Output the listing word for word, minus pictures.

======== DATA EXTRACT ========

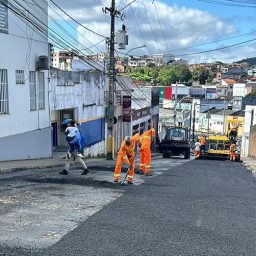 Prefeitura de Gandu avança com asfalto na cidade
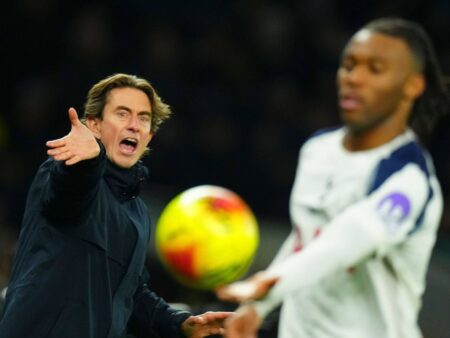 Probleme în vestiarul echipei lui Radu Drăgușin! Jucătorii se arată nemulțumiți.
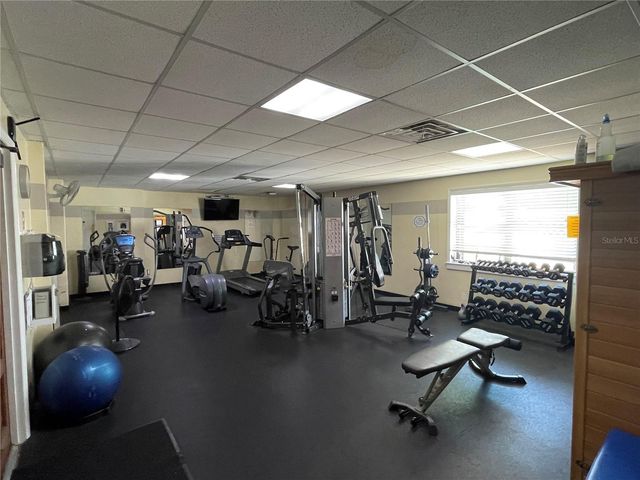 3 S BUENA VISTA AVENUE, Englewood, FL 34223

========

### ANSWER TO THIS EXERCISE
 Prefeitura de Gandu avança com asfalto na cidade
 Probleme în vestiarul echipei lui Radu Drăgușin! Jucătorii se arată nemulțumiți.
 3 S BUENA VISTA AVENUE, Englewood, FL 34223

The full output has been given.